I’m blessed to have friends, family, colleagues and teachers who live solidly within Orthodoxy. I recognize that the frum (Orthodox) community is no monolith and that, behind closed doors, denominational labels mean little as each of us struggles to find personal meaning. Further, I respect how much and how deeply Orthodox Judaism has contributed to that search for meaning, including my own. I’m just not interested in being Orthodox.

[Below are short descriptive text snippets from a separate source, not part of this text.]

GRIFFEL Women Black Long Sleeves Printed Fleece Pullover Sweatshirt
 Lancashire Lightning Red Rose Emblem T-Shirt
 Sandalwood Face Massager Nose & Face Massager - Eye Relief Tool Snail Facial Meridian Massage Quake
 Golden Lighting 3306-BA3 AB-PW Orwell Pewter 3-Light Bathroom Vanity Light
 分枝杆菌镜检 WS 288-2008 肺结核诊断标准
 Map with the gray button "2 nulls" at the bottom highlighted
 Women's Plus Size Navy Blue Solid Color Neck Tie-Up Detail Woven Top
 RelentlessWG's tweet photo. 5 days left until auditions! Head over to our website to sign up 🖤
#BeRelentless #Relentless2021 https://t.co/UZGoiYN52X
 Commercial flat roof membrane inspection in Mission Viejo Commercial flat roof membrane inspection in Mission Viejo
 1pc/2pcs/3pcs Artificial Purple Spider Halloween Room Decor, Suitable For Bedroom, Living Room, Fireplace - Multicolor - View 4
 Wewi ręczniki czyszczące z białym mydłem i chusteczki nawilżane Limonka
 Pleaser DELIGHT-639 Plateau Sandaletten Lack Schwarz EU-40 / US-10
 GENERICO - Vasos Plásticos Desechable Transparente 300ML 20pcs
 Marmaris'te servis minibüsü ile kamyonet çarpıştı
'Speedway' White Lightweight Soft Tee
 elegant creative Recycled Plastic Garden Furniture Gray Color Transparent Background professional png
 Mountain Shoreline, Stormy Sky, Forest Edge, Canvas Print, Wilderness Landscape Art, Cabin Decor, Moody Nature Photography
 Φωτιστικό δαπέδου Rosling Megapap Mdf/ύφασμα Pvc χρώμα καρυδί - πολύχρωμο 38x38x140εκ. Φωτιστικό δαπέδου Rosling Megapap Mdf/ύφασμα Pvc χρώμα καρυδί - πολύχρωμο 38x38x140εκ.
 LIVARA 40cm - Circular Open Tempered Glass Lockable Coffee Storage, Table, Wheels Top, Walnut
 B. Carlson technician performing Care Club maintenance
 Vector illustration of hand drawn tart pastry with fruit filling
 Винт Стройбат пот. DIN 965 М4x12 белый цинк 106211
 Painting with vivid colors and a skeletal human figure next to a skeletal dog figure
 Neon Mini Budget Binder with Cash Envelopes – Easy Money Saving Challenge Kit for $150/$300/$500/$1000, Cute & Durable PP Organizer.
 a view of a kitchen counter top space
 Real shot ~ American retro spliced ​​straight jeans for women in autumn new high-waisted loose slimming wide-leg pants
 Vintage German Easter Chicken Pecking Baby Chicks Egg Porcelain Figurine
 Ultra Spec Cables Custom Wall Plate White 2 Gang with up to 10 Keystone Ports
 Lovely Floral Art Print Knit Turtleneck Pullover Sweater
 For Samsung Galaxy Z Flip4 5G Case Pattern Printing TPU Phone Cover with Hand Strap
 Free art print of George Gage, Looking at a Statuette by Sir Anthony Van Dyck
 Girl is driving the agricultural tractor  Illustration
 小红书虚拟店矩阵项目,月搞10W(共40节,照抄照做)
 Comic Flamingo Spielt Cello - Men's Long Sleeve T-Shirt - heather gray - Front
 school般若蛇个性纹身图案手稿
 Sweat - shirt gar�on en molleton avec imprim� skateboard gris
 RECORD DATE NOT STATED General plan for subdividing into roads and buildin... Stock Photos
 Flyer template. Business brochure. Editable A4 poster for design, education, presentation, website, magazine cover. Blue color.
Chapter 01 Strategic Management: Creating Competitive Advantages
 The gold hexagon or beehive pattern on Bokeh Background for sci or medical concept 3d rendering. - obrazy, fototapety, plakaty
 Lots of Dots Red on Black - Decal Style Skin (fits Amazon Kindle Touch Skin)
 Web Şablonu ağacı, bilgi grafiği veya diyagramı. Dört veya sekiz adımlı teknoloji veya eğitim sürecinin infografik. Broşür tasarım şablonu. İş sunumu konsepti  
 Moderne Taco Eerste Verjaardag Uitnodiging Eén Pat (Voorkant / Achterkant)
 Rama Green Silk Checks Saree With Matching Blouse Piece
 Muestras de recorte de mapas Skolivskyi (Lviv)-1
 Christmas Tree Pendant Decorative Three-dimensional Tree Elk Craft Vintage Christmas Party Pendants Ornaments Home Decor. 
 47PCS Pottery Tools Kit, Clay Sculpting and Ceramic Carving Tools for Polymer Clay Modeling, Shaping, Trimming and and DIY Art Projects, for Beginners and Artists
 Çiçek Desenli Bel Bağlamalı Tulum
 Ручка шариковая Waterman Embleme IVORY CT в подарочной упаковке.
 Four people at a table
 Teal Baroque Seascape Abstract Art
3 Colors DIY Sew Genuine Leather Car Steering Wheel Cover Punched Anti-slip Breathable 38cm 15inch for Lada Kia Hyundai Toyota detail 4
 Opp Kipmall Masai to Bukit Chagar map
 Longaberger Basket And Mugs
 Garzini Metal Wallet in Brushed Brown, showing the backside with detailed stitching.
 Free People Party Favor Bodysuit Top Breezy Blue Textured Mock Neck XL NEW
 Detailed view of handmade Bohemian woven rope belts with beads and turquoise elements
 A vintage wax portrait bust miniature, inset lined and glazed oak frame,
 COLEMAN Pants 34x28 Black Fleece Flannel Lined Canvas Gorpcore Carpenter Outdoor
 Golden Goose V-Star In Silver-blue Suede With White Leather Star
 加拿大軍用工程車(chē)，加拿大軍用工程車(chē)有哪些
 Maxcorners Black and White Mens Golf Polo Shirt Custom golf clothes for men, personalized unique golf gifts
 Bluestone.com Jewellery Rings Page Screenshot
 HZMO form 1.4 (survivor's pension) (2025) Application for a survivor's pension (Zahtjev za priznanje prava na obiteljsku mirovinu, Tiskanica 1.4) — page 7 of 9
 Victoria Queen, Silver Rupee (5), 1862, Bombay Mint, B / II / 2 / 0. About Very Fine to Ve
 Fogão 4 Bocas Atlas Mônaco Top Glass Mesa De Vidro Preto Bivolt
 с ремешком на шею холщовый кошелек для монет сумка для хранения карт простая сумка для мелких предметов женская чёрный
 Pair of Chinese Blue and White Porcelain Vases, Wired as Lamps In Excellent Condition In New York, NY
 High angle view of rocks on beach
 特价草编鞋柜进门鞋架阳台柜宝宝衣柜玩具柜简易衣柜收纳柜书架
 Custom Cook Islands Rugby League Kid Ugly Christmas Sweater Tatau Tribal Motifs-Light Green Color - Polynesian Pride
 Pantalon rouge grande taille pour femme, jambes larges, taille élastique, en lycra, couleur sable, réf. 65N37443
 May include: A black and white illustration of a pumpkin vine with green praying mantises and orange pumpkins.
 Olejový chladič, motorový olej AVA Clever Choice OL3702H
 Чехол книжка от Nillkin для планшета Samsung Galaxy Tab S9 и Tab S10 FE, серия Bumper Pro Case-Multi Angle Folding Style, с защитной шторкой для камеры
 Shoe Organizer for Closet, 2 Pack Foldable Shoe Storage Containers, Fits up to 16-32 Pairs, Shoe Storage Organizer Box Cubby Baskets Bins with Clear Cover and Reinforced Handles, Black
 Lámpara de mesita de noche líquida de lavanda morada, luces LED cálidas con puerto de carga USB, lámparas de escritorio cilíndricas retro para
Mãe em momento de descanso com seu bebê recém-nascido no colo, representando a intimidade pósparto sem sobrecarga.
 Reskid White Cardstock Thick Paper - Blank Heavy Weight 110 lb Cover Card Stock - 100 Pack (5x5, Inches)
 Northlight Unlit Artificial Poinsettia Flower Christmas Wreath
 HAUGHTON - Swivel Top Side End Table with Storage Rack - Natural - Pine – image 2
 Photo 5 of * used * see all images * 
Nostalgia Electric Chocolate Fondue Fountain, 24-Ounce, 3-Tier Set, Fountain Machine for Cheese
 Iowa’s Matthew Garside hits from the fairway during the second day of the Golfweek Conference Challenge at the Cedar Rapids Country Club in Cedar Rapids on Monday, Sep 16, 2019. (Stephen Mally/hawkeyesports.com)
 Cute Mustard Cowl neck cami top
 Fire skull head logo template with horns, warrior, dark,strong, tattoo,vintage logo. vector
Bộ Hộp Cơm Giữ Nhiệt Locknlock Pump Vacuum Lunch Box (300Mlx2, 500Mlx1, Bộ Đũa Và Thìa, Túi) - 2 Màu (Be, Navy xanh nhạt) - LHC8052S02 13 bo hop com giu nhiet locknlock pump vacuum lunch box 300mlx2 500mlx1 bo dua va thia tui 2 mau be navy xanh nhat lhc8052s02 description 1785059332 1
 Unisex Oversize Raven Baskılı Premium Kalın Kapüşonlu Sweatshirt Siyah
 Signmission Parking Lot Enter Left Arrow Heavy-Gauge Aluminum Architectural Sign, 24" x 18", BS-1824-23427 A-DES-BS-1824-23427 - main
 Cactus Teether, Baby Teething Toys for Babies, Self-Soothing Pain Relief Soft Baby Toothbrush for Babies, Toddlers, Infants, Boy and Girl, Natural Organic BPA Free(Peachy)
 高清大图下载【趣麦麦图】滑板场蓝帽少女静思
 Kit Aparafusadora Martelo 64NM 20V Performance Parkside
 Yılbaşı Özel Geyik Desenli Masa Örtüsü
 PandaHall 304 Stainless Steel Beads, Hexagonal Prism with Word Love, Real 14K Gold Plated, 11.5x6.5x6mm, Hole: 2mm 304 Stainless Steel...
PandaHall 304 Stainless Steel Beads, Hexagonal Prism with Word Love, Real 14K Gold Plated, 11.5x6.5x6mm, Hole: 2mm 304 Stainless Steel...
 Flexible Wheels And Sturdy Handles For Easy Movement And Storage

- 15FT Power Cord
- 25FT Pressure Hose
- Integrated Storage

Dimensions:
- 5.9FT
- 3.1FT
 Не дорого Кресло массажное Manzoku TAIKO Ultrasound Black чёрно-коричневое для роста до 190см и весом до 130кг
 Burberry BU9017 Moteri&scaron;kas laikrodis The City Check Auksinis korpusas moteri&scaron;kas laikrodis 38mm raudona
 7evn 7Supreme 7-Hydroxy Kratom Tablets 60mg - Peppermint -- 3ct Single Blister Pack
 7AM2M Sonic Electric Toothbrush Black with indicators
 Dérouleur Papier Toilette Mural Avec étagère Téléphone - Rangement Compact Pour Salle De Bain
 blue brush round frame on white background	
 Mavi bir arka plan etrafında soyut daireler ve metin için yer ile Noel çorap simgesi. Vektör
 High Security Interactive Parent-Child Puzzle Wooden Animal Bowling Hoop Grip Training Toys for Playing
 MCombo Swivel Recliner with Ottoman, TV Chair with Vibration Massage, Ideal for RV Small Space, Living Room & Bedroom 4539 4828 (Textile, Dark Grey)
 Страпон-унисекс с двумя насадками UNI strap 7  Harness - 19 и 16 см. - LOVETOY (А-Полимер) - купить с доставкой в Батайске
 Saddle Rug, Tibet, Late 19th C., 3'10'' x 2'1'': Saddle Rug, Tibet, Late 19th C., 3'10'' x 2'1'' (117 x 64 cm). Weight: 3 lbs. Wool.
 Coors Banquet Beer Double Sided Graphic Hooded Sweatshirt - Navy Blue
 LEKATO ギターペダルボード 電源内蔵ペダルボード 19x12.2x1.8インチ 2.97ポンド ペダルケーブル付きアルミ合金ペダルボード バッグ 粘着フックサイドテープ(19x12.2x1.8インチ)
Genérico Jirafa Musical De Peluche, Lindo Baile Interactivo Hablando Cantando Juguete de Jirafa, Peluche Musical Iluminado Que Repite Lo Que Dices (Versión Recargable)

I like sailing this broken down “shipwreck” called Conservative Judaism, and a lot of other people still do too. Beyond the silly numbers games, the hand wringing statistics, and the ledger books recording how many mitzvot they do, I see how and what these people are like as Jews. Many of them are trying to figure out how to make Judaism a substantive guide for their less than perfect lives. Many of them seek out the rabbis, the Torah, the Shabbat morning and weekday minyanim in my and other Conservative synagogues. They truly care about Judaism, the Jewish people and God, even if they choose not to hang out at the local Orthodox shul. They are the people whom some in the Jewish community feel they have the luxury to dismiss as unworthy of our concern; they are, after all, too feminist, too gay, too intermarried, too ignorant, too secular, too non-practicing, too non-conforming…the list could go on. I, however, have no such luxury. Given how many of these, our fellow Jews, have been marginalized by some Jewish religious communities yet still choose to reconnect to the Jewish people, neither does Conservative Judaism. They are here, they are searching for the anchors and self transcendence found in Jewish life and community, they are finding these things in Conservative Judaism, and Conservative Judaism has no intention of abandoning them. Why should that invite disparagement?
Behind the abstract statistics and the poorly informed critiques are real lives, real souls, real relationships, and real, beautifully pock marked experiences and imperfections. They give the lie to the triumphalism and the pious denominational obituaries which too often are hypocritical, cynical deflections by religious leaders from their own communities’ very serious problems.
So, I ask my brothers and sisters in the frum communities who choose to beat up Conservative Judaism: why would you engage in such cheap behavior, especially toward your fellow Jews whom you do not really know? If in your eyes we are an irrelevance, why bother calling attention to us in the first place? If you truly believe that every Jew matters to God and the Jewish people, why not help communities like mine doing the work of keeping them Jewish?
Come find out who we really are and support us. Call up your local Conservative rabbi, sit with him or her in a havruta and learn together, not in order to preach to them, but to learn from and with them. Offer your skills and Jewish knowledge to the people in the Conservative synagogue in your neighborhood, not on your terms, but on their turf. Instead of attacking us then bemoaning our impending deaths, show us some good old fashioned Ahavat Yisrael and Ahavat Ha-Briot, love and respect for one’s fellow Jew and one’s fellow human being.
Otherwise, we may all wind up a statistic.